Tam düşüncelere dalmaya başladığı anda, vücudunun aniden
havada olduğunu gördü ve sonra kuvvetli bir şekilde taş yatağa bastırıldı. Uzun
bir penis doğruca ona girdi ve yoğun bir çarpma egzersizine başladı.
Bu sefer, Yan Lu xiulian uygulamadı, “tamamen” egzersiz
yaptı. İlk seferinden tamamen farklı olarak, bu vahşi ve ilkel bir eylemdi. O
zamanlar biraz zevkli olabilirdi, ama hiç bu kadar yoğun bir arzu ile dolu
değildi...
İkisi ertesi güne kadar yaptı. Shang Ke çabucak orijinal formuna
dönme şansını yakalamasaydı, hâlâ enerji dolu olan belirli biri muhtemelen
birkaç gün ve gece daha devam ederdi.
Yan Lu omuzlarına gelişigüzel bir şekilde bir cübbe geçirdi
ve orada burada küçük çiziklerle dolu kaslı göğsünü ortaya çıkardı. Tembel bir
şekilde duvara yaslanırken, köşeye gizlenmiş küçük mantara derin bir şekilde
baktı. Bacaklarının arasında sallanan arzu, sanki tam olarak doymamış gibi hâlâ
güçlüydü.
Shang Ke bütün ahlaki değerlerini kaybetmek üzere olduğunu
hissetti. İkisi arasındaki eylemler biraz kontrolden çıkıyordu. Bununla
birlikte, Yan Lu “emmesine” izin verdiği sürece, hâlâ onu kurtarma şansı vardı.

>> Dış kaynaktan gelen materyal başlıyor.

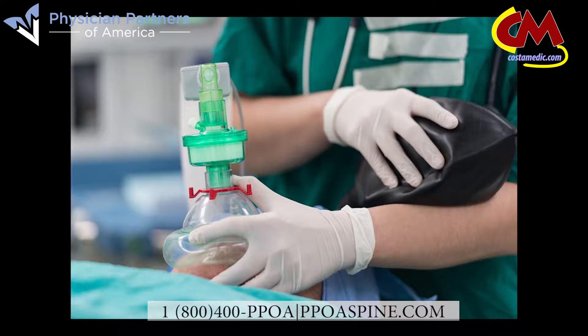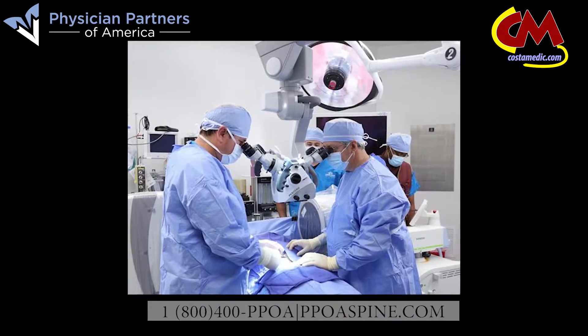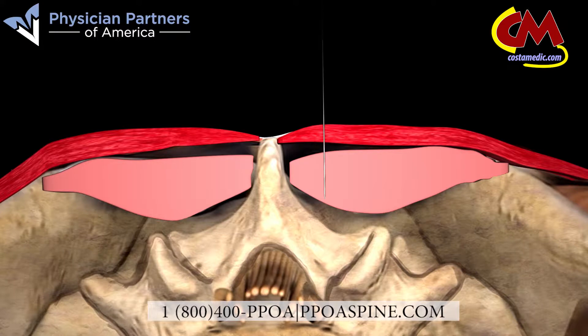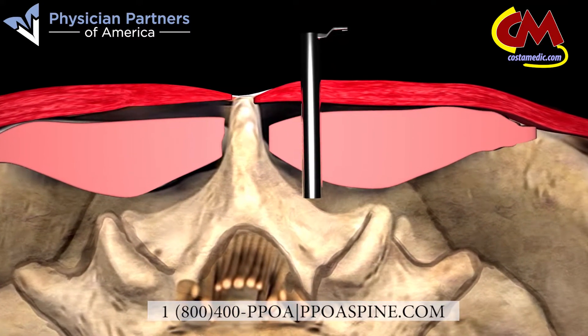After administering general anesthesia, the laser discectomy begins with our physician using an x-ray fluoroscopy to identify the entryway. An x-ray guided guide pin is inserted, and next, a series of dilating tubes, gradually increasing in diameter, followed by a working tube placed over the guide pin. This creates space the physician will use to access the treatment area, while at the same time protecting muscles and tissue from trauma.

Yan Lu'nun xiulian uygulamasıyla, sadece üç ila beş kez daha yaptığında,
uygulaması tamamen temizlenmeli ve yeniden uygulama yapmaya başlayabilmeliydi.

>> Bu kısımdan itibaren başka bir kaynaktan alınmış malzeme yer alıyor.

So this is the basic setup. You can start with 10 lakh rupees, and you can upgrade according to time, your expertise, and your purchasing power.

Ne yazık ki, Yan Lu'nun iradesini etkilemek bu kadar kolay
olsaydı, o zaman gelecekte xiulian dünyasını deviren Büyük Şeytan Kralı
olmazdı.
Yan Lu, Shang Ke ile daha yakın olmak dışında, diğer
insanların öz enerjisini özümsemekte hiç merhamet göstermedi. Onunla çift
uygulama yapmaya istekli değilse, Shang Ke'yi zorlamadı. Zaman zaman topladığı
öz enerjinin bir kısmını Küçük Mantarını “beslemek” için kullanıyordu. Yan Lu, bu
eylemin onu bazı yönlerden memnun ettiğini kabul etmek zorundaydı.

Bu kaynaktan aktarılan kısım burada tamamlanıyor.